→ DESCRIPTION OF THE TASK
Exclude the pictures, then repeat the remaining data exactly.
** Opening INFORMATION SHOWN block **
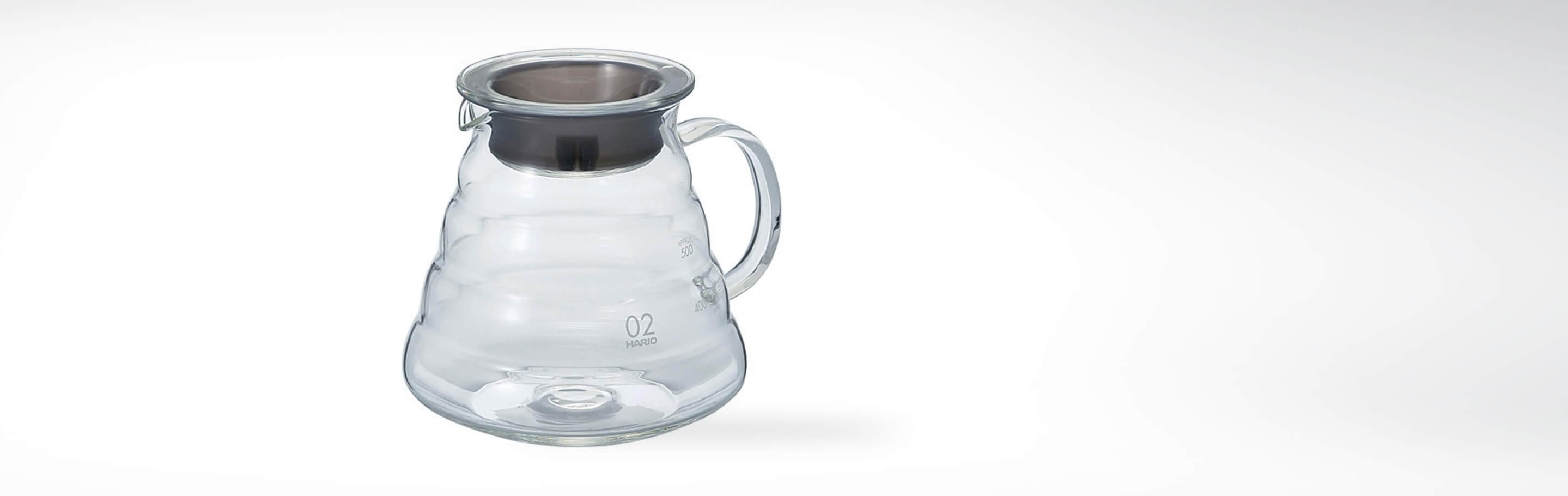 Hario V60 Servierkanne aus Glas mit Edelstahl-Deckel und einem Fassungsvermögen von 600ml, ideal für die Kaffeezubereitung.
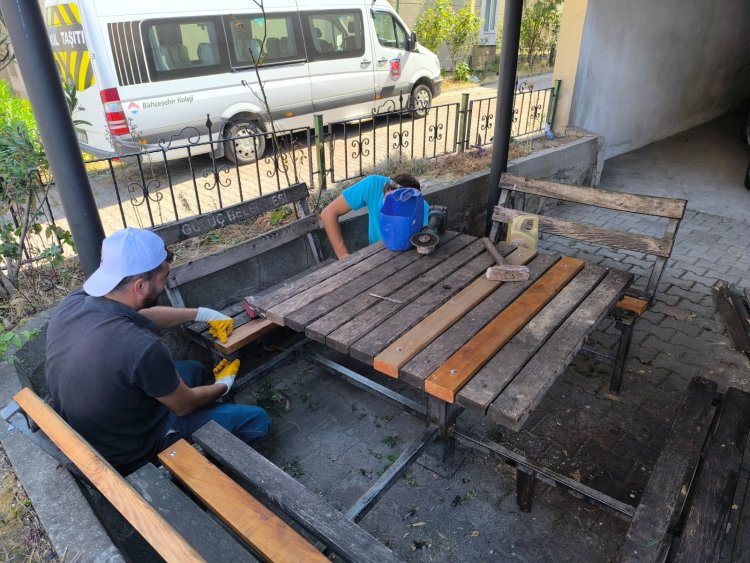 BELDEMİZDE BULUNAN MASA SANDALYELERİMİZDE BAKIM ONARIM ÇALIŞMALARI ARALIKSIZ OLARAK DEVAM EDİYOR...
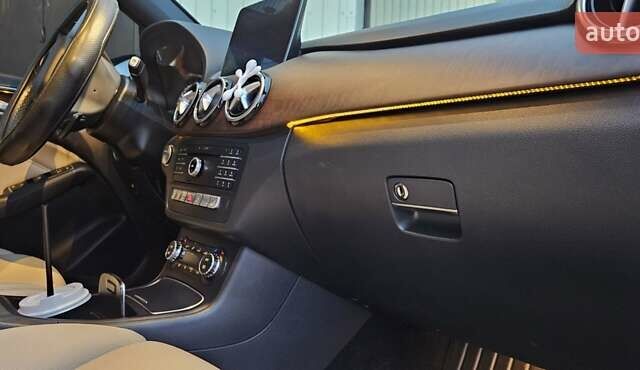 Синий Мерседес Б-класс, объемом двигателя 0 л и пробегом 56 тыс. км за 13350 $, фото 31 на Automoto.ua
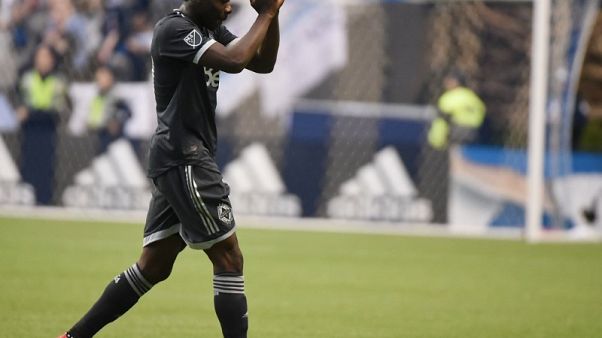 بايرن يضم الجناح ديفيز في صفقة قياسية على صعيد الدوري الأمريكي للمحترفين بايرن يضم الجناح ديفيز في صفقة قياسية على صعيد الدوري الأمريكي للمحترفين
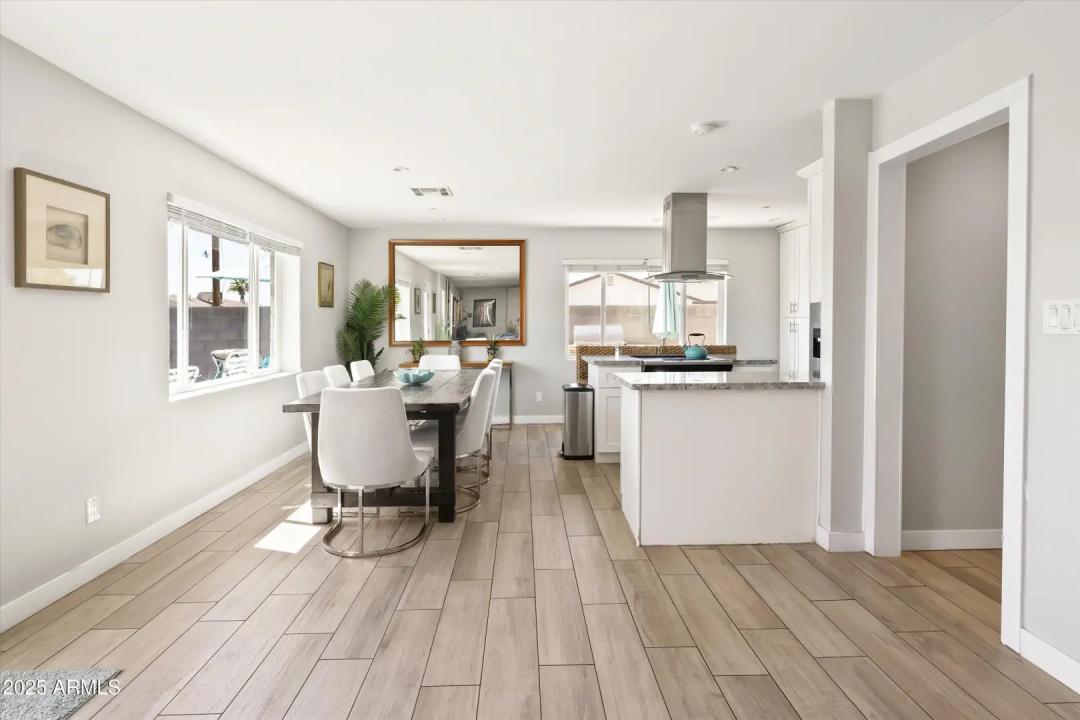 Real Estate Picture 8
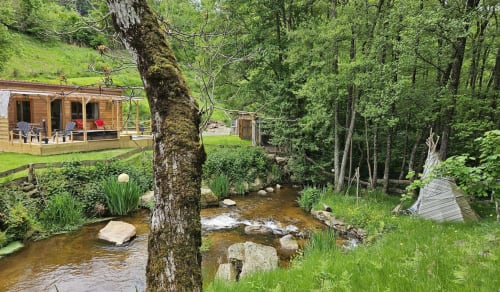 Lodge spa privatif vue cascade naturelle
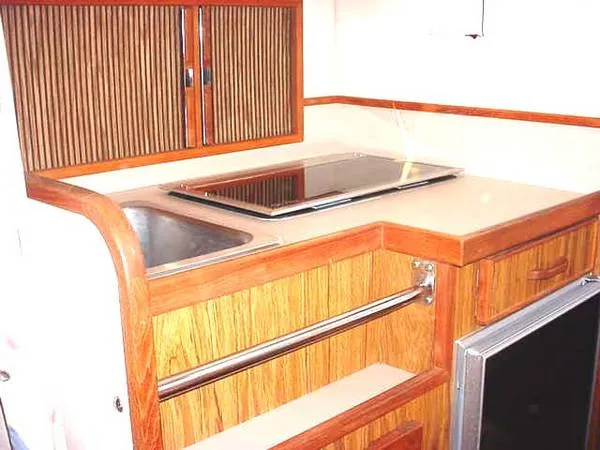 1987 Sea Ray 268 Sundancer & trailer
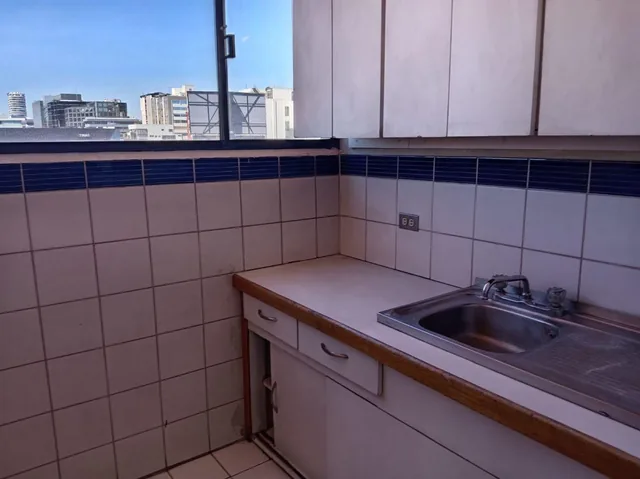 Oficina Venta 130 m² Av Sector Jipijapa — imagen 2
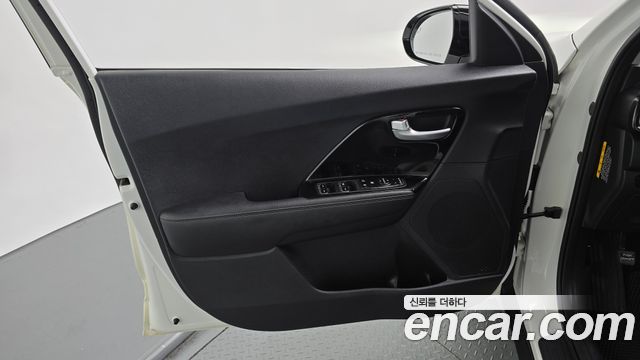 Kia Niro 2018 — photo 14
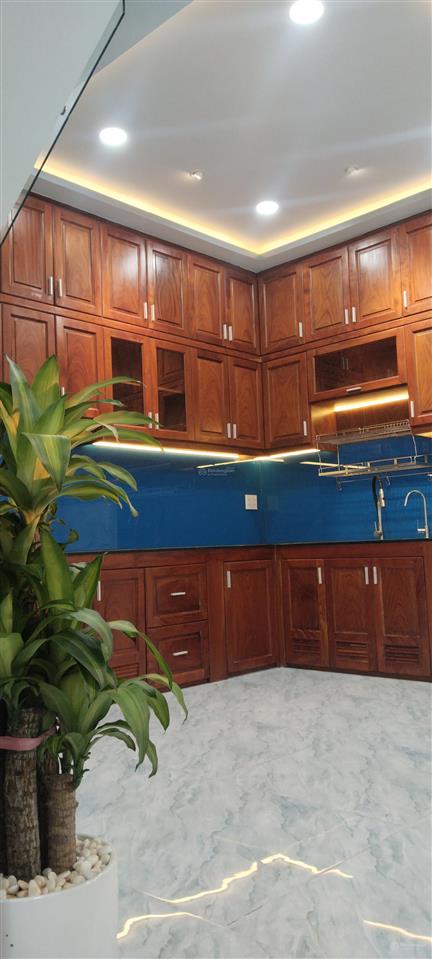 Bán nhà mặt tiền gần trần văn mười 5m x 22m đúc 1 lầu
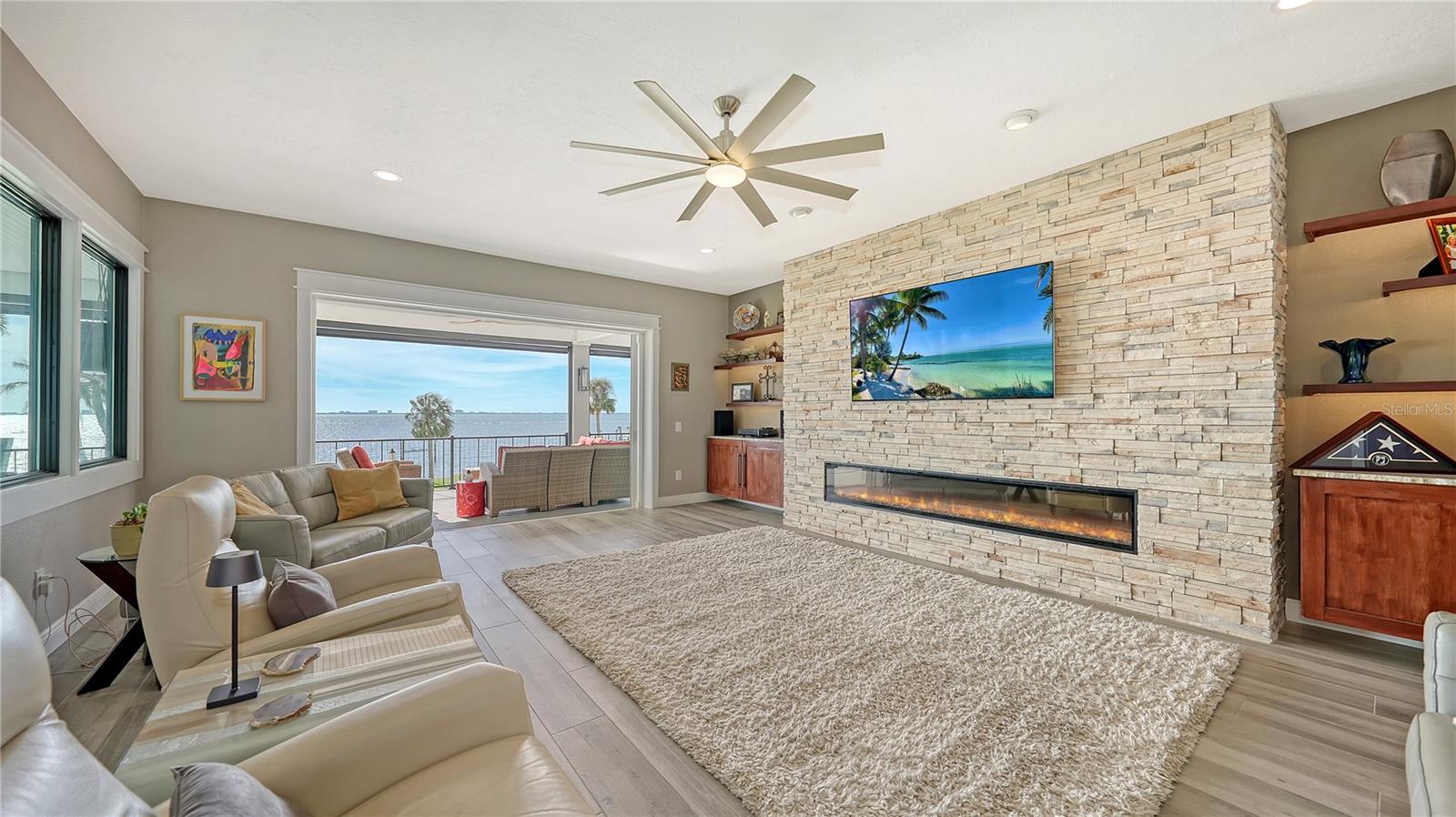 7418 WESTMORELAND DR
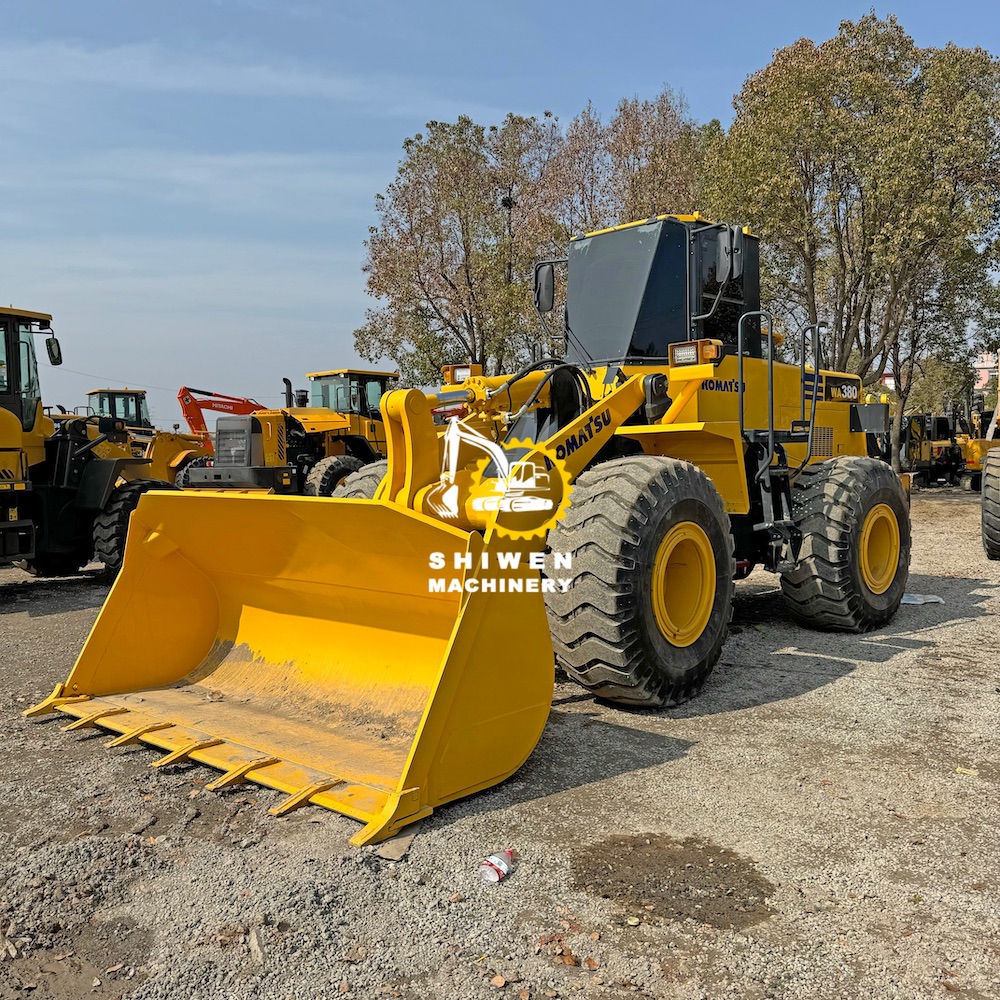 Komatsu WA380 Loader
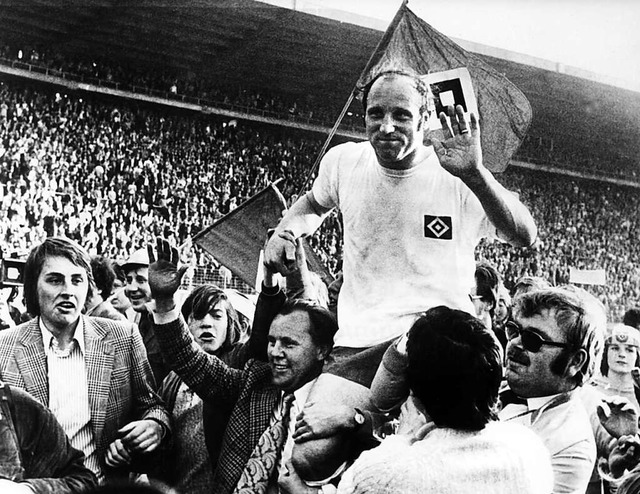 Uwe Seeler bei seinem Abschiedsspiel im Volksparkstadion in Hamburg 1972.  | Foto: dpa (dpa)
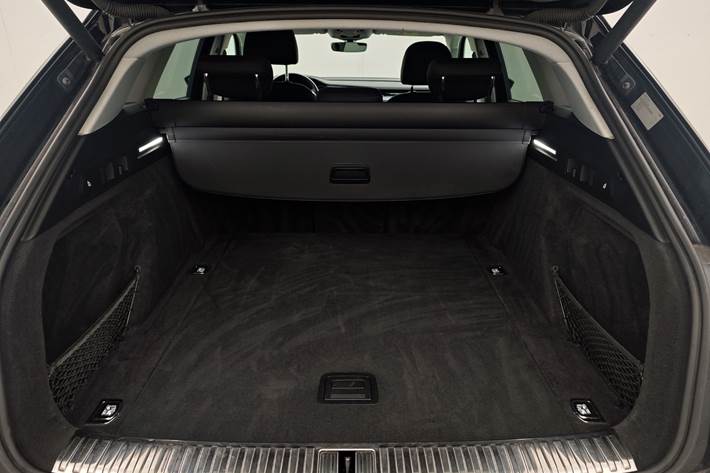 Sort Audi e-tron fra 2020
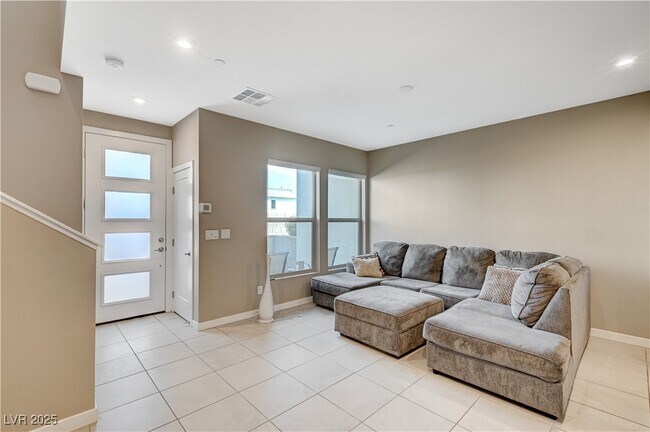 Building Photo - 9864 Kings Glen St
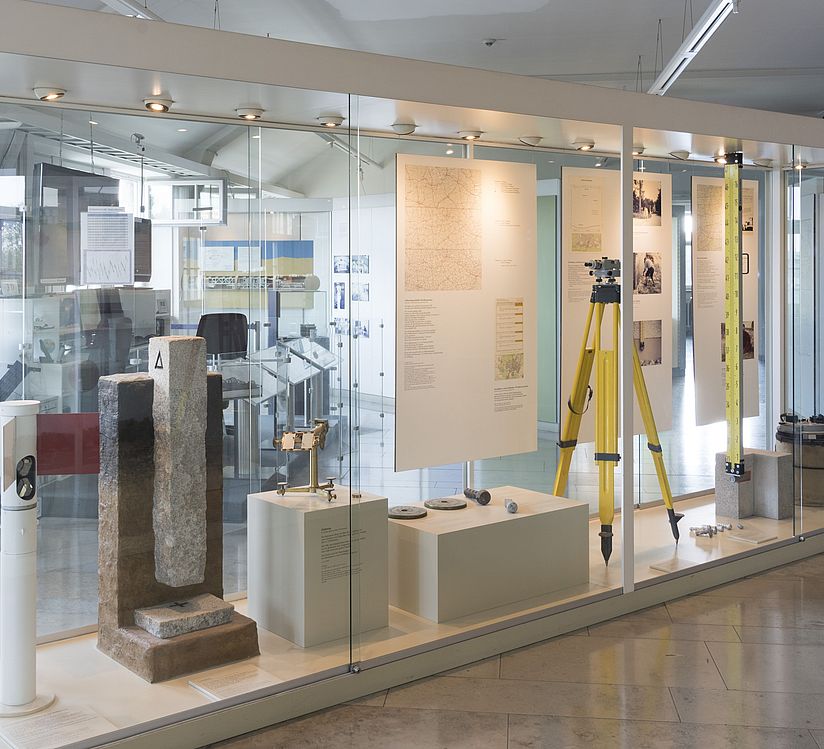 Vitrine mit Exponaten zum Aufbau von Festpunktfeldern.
** Closing INFORMATION SHOWN block **
→ RESPONSE TO THE TASK
 Hario V60 Servierkanne aus Glas mit Edelstahl-Deckel und einem Fassungsvermögen von 600ml, ideal für die Kaffeezubereitung.
 BELDEMİZDE BULUNAN MASA SANDALYELERİMİZDE BAKIM ONARIM ÇALIŞMALARI ARALIKSIZ OLARAK DEVAM EDİYOR...
 Синий Мерседес Б-класс, объемом двигателя 0 л и пробегом 56 тыс. км за 13350 $, фото 31 на Automoto.ua
 بايرن يضم الجناح ديفيز في صفقة قياسية على صعيد الدوري الأمريكي للمحترفين بايرن يضم الجناح ديفيز في صفقة قياسية على صعيد الدوري الأمريكي للمحترفين
 Real Estate Picture 8
 Lodge spa privatif vue cascade naturelle
 1987 Sea Ray 268 Sundancer & trailer
 Oficina Venta 130 m² Av Sector Jipijapa — imagen 2
 Kia Niro 2018 — photo 14
 Bán nhà mặt tiền gần trần văn mười 5m x 22m đúc 1 lầu
 7418 WESTMORELAND DR
 Komatsu WA380 Loader
 Uwe Seeler bei seinem Abschiedsspiel im Volksparkstadion in Hamburg 1972.  | Foto: dpa (dpa)
 Sort Audi e-tron fra 2020
 Building Photo - 9864 Kings Glen St
 Vitrine mit Exponaten zum Aufbau von Festpunktfeldern.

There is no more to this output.